When I was using the old DLC version, I orderered it to run for 200 000 iterations and it took 4 hours aprox. It ran for 200 000 iterations because I was typing: deeplabcut.train_network(config_path,shuffle=1, trainingsetindex=0, gputouse=None, displayiters=1000, saveiters=20000, maxiters=200000) (as it’s written in the nature protocol). However, as I said before, I didn’t get the files I was supposed to.
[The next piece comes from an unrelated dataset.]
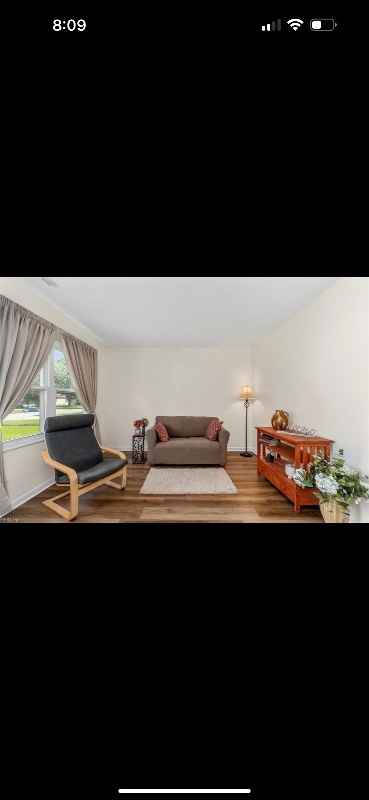 Foto del edificio - 817 Crepe Myrtle Ln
Now with the upgraded version it makes no iterations and says the training is stopped due to time limit. The cluster I’m using has a time limit of 12hours. But this error makes no sense because usually it takes 4 hours to make 200 000 iterations. I write below what it says:
**WARNING:tensorflow:From /opt/sci-soft/software/DeepLabCut/126.96.36.199-Anaconda3-GPU/lib/python3.6/site-packages/tensorflow/python/framework/op_def_l$** **Instructions for updating:** **Colocations handled automatically by placer.** **WARNING:tensorflow:From /opt/sci-soft/software/DeepLabCut/188.8.131.52-Anaconda3-GPU/lib/python3.6/site-packages/tensorflow/python/ops/losses/losses_$** **Instructions for updating:** **Use tf.cast instead.** **WARNING:tensorflow:From /opt/sci-soft/software/DeepLabCut/184.108.40.206-Anaconda3-GPU/lib/python3.6/site-packages/tensorflow/python/training/saver.py:$** **Instructions for updating:** **Use standard file APIs to check for files with this prefix.** **DLC loaded in light mode; you cannot use any GUI (labeling, relabeling and standalone GUI)** **Switching batchsize to 1, as default/tensorpack/deterministic loaders do not support batches >1. Use imgaug loader.** **Starting with standard pose-dataset loader.** **Initializing ResNet** **Loading ImageNet-pretrained resnet_50** **slurmstepd: error: *** JOB 1867327 ON gpuceib01 CANCELLED AT 2020-03-11T06:26:16 DUE TO TIME LIMIT *****
I don’t really understand what is happening, as I have not a big knowledge of informatics. Maybe it’s really simple but I don’t get where’s the mistake. I would really appreciate your help.